At the time he died Banker was engaged in the business of dealing in certain merchandise under patents owned by' himself. Peck and his son, Oscar, had for some years been in his employ and were skilled in carrying on such business. During the two weeks’ interval between Banker’s death and that of her'own, his wife, Henrietta, who was the executor named in his will, and who alone took his whole estate as the absolute owner thereof, entered into a copartnership agreement with Peck, under which they were to continue the business that Banker had left.

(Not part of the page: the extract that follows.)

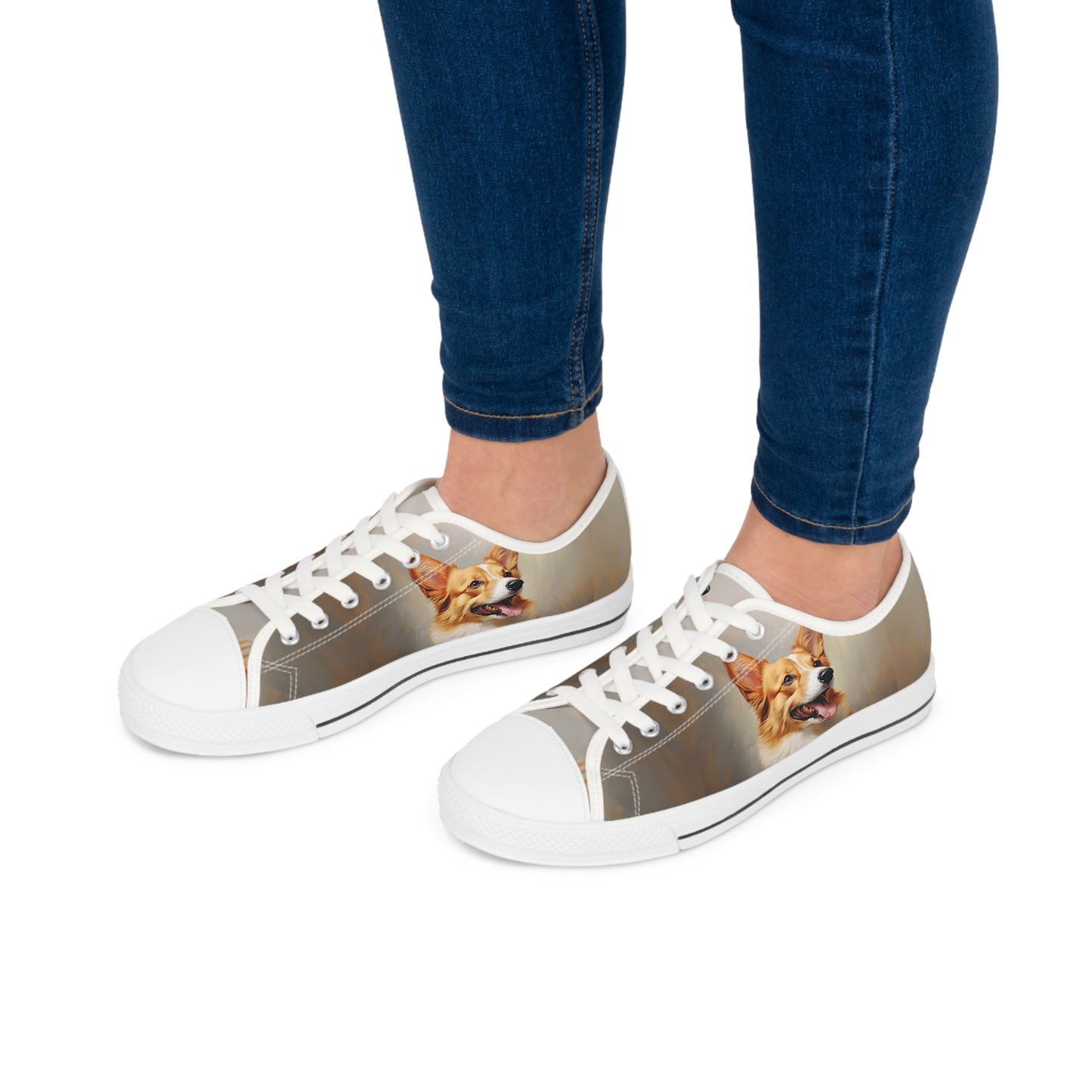 Pembroke Portrait - Women's Low Top Sneakers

Upon her sudden death, and after he was appointed executor of both estates, the scheme of a partnership seems to have been abandoned, and he concluded to continue the business himself until a purchaser could be found for it upon what he considered would be favorable terms. He was then informed by his counsel that, if he did so, he would be liable to account for and make good to the estate any loss that might occur to the assets thereof, and that, as to any profits that he might make, [299]*299they must be deemed the property of such estate and be accounted for as assets thereof. He continued the business something over a year in the store for which the estate then held an unexpired lease, and, upon his accounting to the surrogate as executor of George W. Banker’s estate, he charged himself with the sum of $2,764.31 as the net profits made by him in so conducting the business. The contestants objected to this item as insufficient, and, upon the hearing before the surrogate, it appeared that among the items of expenses which Peck credited to himself in ascertaining the net profits he included the sum of $2,371.53 paid to his son for services as an assistant therein, and also the sum of $3,071.95 taken by himself as compensation for his services in so conducting the business. As to the payment to the son, the surrogate reduced the sum so claimed to $1,769.58. As to the credit for his own services, the contestants claim that Peck was not entitled to any. The surrogate allowed him his whole claim, and here is presented the question for consideration.

It is clear that Peck was not acting as executor in continuing this business. He was not required by the will so to do, but, individually, and of his own motion, he continued it for something more than a year before he sold the same as assets of the Banker estate. He was, therefore, under no obligations to account to the • surrogate for the details of such business. His receipts and expenditures in such business were no part of his executor’s account. He was obligated to report and account to' the surrogate for the actual net profits made in such business, because, under the well-settled and familiar rule of equity, such profits became an asset of the estate; but he was in no way responsible to the surrogate, nor to the estate, for not having made more. His primary liability was for all the assets of the estate, and for such profits as he actually made from them, not for what he might have made had he managed the business more economically and with greater discretion. And the burden is upon the beneficiaries to show that the net profits were more than the executor reports. If they fail to show that he made any profits, and he reports none, but yet show that he used the trust fund in his own business, they may have interest thereon because of his wrongful use . of the same. These principles are well stated by Ransom, S., in Estate of William Munzor (4 Misc. Rep. 374).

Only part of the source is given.